# Just found this interesting site..........



## Flightpath (Nov 16, 2007)

Hi,

this is my first post and I'm looking forward to being here often.

I'm an aussie liveing in Norway, have been interested in and collected aviation/WW2 aircraft related items for over 35 years. (Grandfather ex-WW2 RAAF). 
I'm an instrument maker by trade and have had a nice assortment of instruments and pilot/cockpit equipment both modern and from back into the 1930s. 
Here are a few of my WW2 RAF/RAAF items.......





Spitfire ASI, MK II clock, P6 compass, 3 x escape compasses, RAAF officer's sholder titles, RAF RAAF wings, silk map of New Guinea, 1943 RAF booklet 'Bag the Hun' RAF whistle.
(By the way, in 1940 the P6 compass was standard in the Spitfire Hurricane, not the P8 which came out in early 1941).

Right now I'm interested in 1930-40s navigation instruments and watches.
(I'm looking for an RAF 6B/159 watch without luck so far but there's always time, and I need more time to save up the cash).

I'll leave it there for now and do some more reading,

cheers,

-Flightpath


----------



## Erich (Nov 16, 2007)

Flightpath please more pics, and thanks for sharing these very unique items with us

E ~


----------



## Flightpath (Nov 16, 2007)

Hi Erich,

thanks for the welcome........ (I changed my norwegian flag to an aussie one, even though I live in Norway I'm 100% aussie).

I'll have to take some more up to date photos but here's my small WW2 luftwaffe collection, I used to have a few more but sold much of my collection in Australia before I moved to Norway.






cheers,

-Flightpath


----------



## Erich (Nov 16, 2007)

Great more please ...... 

question: the 2 gauges are from what A/C ?

E ~


----------



## Flightpath (Nov 16, 2007)

Here's some of my US WW2 AAF/USN items.........





cheers,

-Flightpath


----------



## ccheese (Nov 16, 2007)

Welcome to the forum, Flightpath..... you'll enjoy it here.

Sorry, can't see the pic's til I get home.
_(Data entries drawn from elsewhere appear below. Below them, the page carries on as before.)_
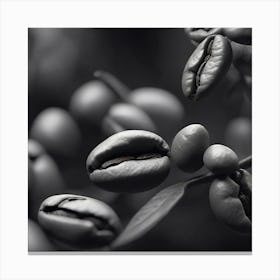 Coffee Beans In Black And White 1 Canvas Print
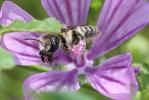  Hoplitis cristatula (van der Zanden, 1990)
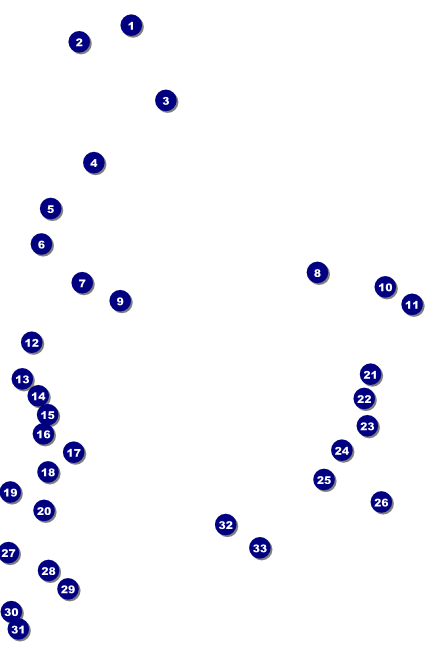 MMA Main Event Brown Poster Front Field Markers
Company has me blocked 

Charles


----------



## Flightpath (Nov 16, 2007)

Erich said:


> Great more please ......
> 
> question: the 2 gauges are from what A/C ?
> 
> E ~



The altimeter was given to me by an ex-RAAF engineer and was from Nth Africa, he said it was from an FW 190 (dated 1943 on the rear case).
The clock was from Stavanger on the west coast of Norway, it was from an aircraft wrecked just after the war, I think it was also an FW190 (I like to think so anyway).

There were over 250 luftwaffe aircraft in Norway at the time of surrender but the british and US had all but two destroyed.

The map light is a realy nice item, much nicer than WW2 US or british ones, it has a switch and can let the light out of the side for lighting a large area or at the end where there is an iris for altering the diameter of the beam. There's also a fold-out hook for hanging the light.



cheers,

-Flightpath


----------



## Flightpath (Nov 16, 2007)

Hi, 

Here's my 1941 dated RAF A.M. Gunsight MK II*; 1941 was the year that the MK II gunsights changed from an oval to the square reflector glass to become MK II*. (These were used in Spitfires, Hurricanes, Mosquitoes ect.)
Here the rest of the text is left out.